Скрипнула дверь в подъезде. Этот режущий скрип проткнул густую темень и застрял где-то над головой Скороходова. Зажав ладонями виски, Петр Ильич покорно ждал, когда страшный звук затихнет, уплывет дальше. Но он не затихал. Скороходову показалось, что над ним висит длинная острая игла, которая вдруг начала колоть ему в голову все сильнее и сильнее.

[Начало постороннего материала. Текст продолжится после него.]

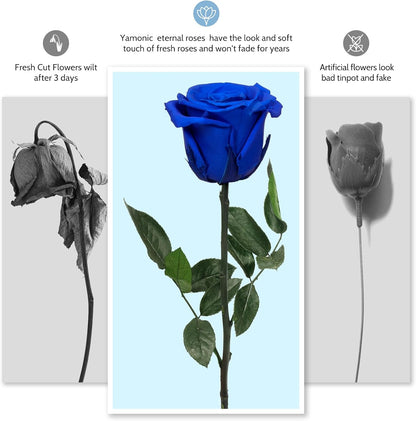 Preserved Flowers Rose Gifts for Women Mom, Mothers Day Rose Flower Gifts for Moms,Forever Real Flowers Mom Birthday Grandma Gifts, Valentines Day Gift for Her Girlfriend Wife Anniversary(Red)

— Тебе, Грохальский, под силу только любовником быть, — игриво произнесла Вера Николаевна.
— Вера!
— Ну, ну, не сердись… Разойтись со Скороходовым и выйти замуж за тебя я не могу.
— Но почему же, почему? — с отчаянием воскликнул Грохальский.
— Видишь ли, Грохальский… Ты славный и умный, но… начинающий инженер…
— Какая чушь, Вера. Какая разница, начинающий я инженер или уже с опытом?
— Большая. У меня потребности, Грохальский… Как бы объяснить тебе… Я не могу, например, неделю прожить без театра. Не могу два раза подряд ездить в театр в одном и том же платье. А ты начинающий, тебе трудно будет…
Скороходов открыл глаза и увидел: низко над самыми домами ослепительно горели крупные звезды. Вера Николаевна продолжала что-то говорить Грохальскому, но Скороходов уже не мог разобрать ее слов. Он встал и, пошатываясь, побрел к подъезду.